Though I do believe that it is entirely possible to hold an all age or Intergen Blue Christmas, there are occasions when holding a separate service may be an option.
This is likely where the congregation is older and more familiar with a traditional liturgical tradition, or where they still have the mindset that children should not be at funeral’s.
Adults who need a familiar space in which to do their own grief work, may find the presence of children, too difficult for an adult mourner to deal with. On the other hand the presence of children can open us up to possibilities beyond ourselves and move us forward in grief too.

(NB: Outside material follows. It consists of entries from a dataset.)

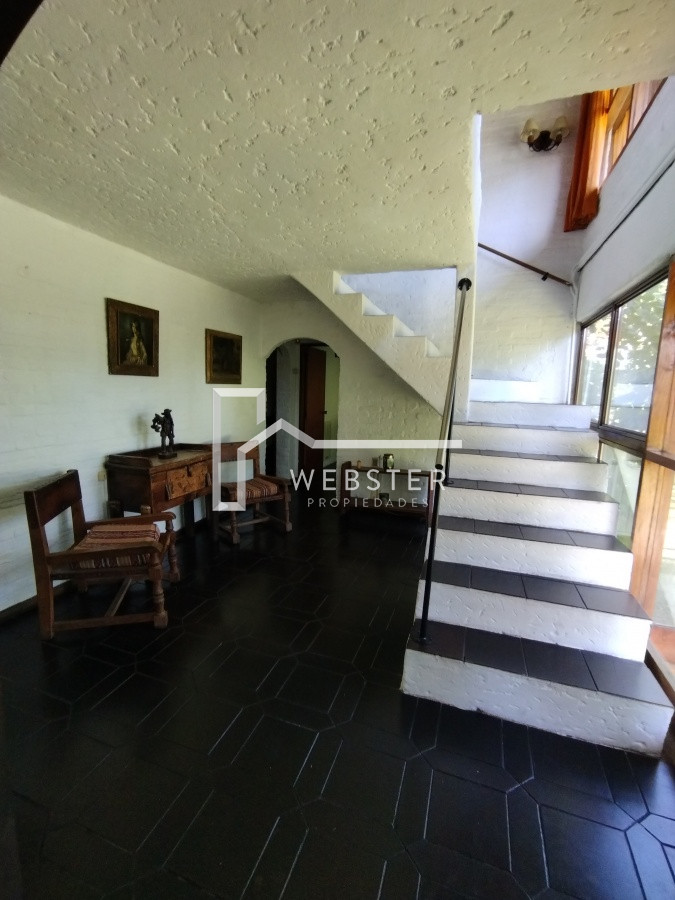 Casa ID.1803 - VENTA DE HERMOSA CASA EN BARRIO PINARES - 3 DORMITORIOS - 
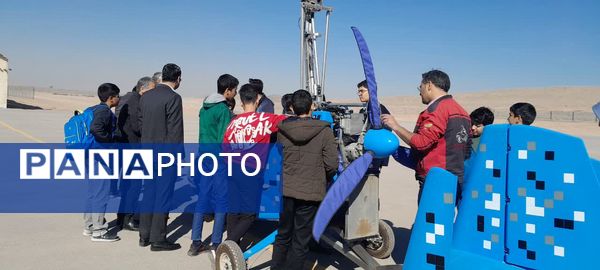 بازدید دانش‌آموزان دبیرستان شهید صدوقی از مرکز هوانوردی پردیس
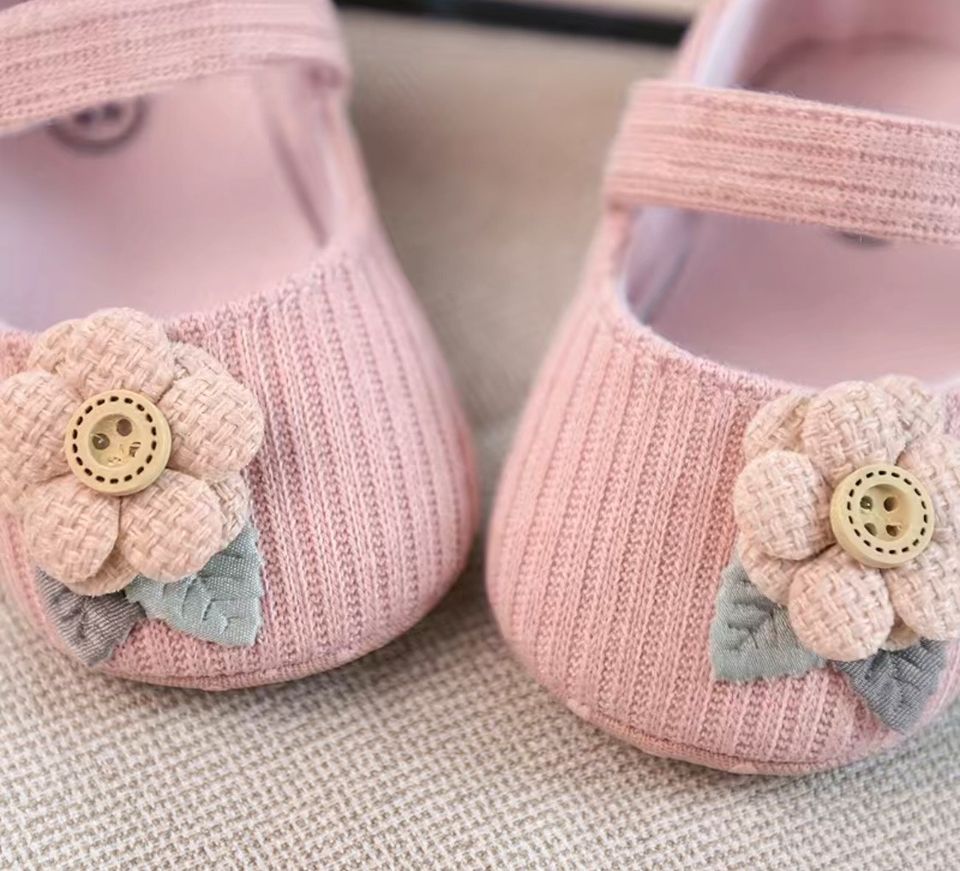Neu Baby Mädchen Schuhe gr.19 rosa Taufe Hochzeit in Wabern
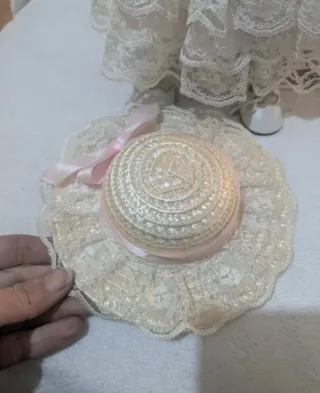 Exclusiva muñeca de porcelana vintage numerada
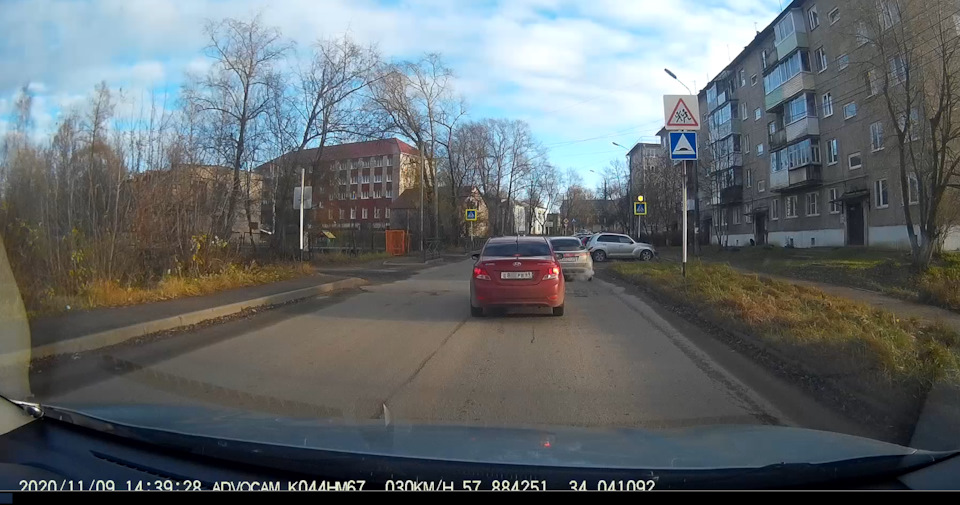 . — Hyundai ix35. Запчасти на фото: 110014, 31011002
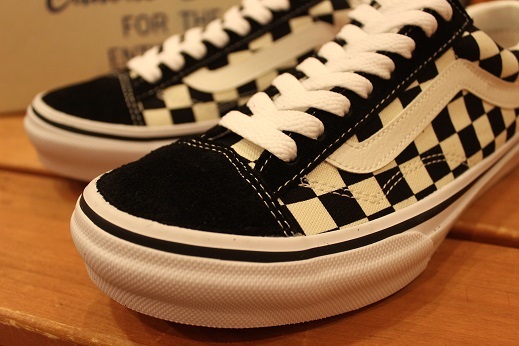 世界同時限定販売 \"VANS 50th ANNIVERSARY V360G OLD SKOOL\" ご紹介 _f0191324_08574196.jpg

A grieving adult in the throws of an anger phase (a normal stage of a grief response) may actually be a danger to child, and it is best if the two developmental stages are separated, or that you have the expertise within the congregation to deal with the effects of an adult’s anger outburst at a child. Therefore, people trained in child development and anger issues would need to be available. I know that all congregations cannot afford this type of expertise nor are they blessed with that type of experience within the congregation.
Though children experience the same grief stages as adults, they experience them in short burst over longer periods of time and tend to revisit the grief process at each new developmental stage. Thus, you cannot say that a child has moved on from grieving, so giving many opportunities throughout a child’s life to revisit the grief can be beneficial. Many adults though may not understand that a child is thinking about a death in a different way 5, 10 years later, and as most Blue Christmas services are held explicitly for those who have experienced a loss this year, children may already be out of the intended audience for this service, purely because their loss doesn’t fit in the calendar time frame.
Giving children an opportunity to learn how to grieve within a Christian context is important. If we do not allow them the space to phrase grief within the Christian story, what other influences are we allowing to take its place?
If you are open to a Children’s Blue Christmas, there are a wonderful collection of resources available to you.
You will find books with a grief theme at http://www.picturebooktheology.com/search/label/grief
Don’t forget that obvious favourite such as The Very Hungry caterpillar, can be useful too.
and
https://www.youtube.com/watch?v=nj1YJLYkML0 Old Pig by Margaret Wild
OR My favourite colour is Blue, Sometimes by Roger Hutinson https://paracletepress.com/collections/grief-resources/products/my-favorite-color-is-blue-sometimes
And books about Grief https://www.grief.org.au/ACGB/Publications/Online_Shop/ACGB/ACGB_Publications/Online_Shop/Bookshop.aspx?hkey=5e75df31-a372-4086-baaf-90eac9b7ddbb
Be sure to use craft resources, such as Christmas tree decorations to make, as a physical reminder of the person/or animal that they are missing.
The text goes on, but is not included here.